In 2015, Home Gr/own, a program run by the City of Milwaukee’s Environmental Collaboration Office, partnered with a number of community groups, including Growing Power, Walnut Way and the Greater Milwaukee Foundation, to create six pocket parks and 14 orchard parks across the city. The groups planted more than 250 fruit trees and thousands of perennials, including many native plants, with the intention of creating food forests, as well as managing storm water and attracting pollinators.

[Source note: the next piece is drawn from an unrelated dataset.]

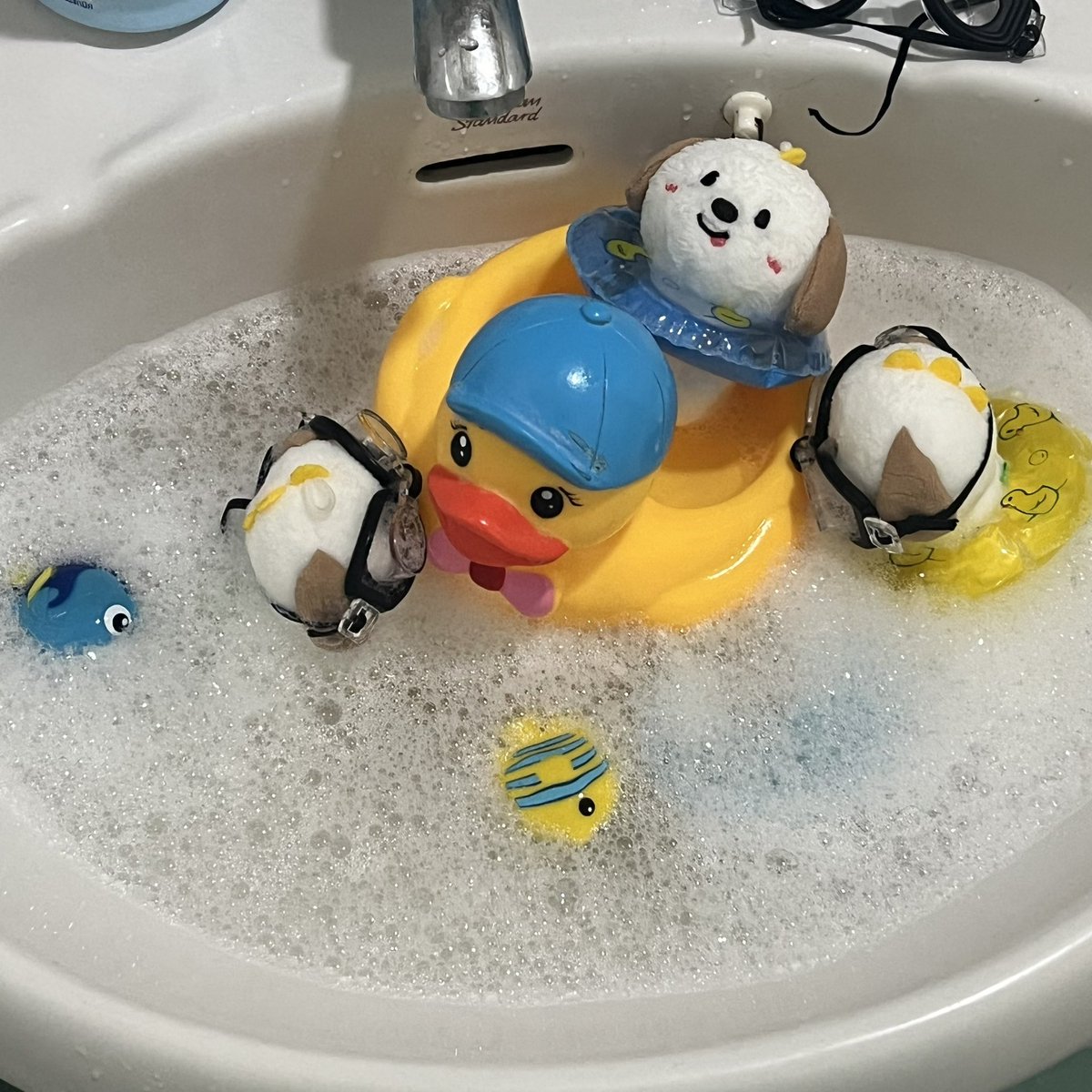 thosekito's tweet photo. water park🫧💦🐠 https://t.co/hoLsuBXCUs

Since then, “bees and butterflies have come back en masse,” says Tim McCollow, Home Gr/own program manager. “There was one day last summer when I was walking toward Gillespie Park, at 14th and Clark streets, and I heard Gillespie Park before I saw it because the bees and butterflies have completely migrated to that site. The same thing is happening in the other parks and orchards.”
Redeeming the Environment
At Redeemer Lutheran Church, 631 N. 19th Street, bees became an integral part of the church in 2015 when it won a grant from Marquette University for social innovation. Bee the Change, a partnership among Redeemer Lutheran Church, the Zeidler Center for Public Discussion, Marquette University and BeeVangelists, is a program that introduces Redeemer’s homeless lunch guests to the world of bees and beekeeping. The lunch guests get to meet the bees in the rooftop apiary at the church and have opportunities for training as beekeepers and community bee advocates and educators.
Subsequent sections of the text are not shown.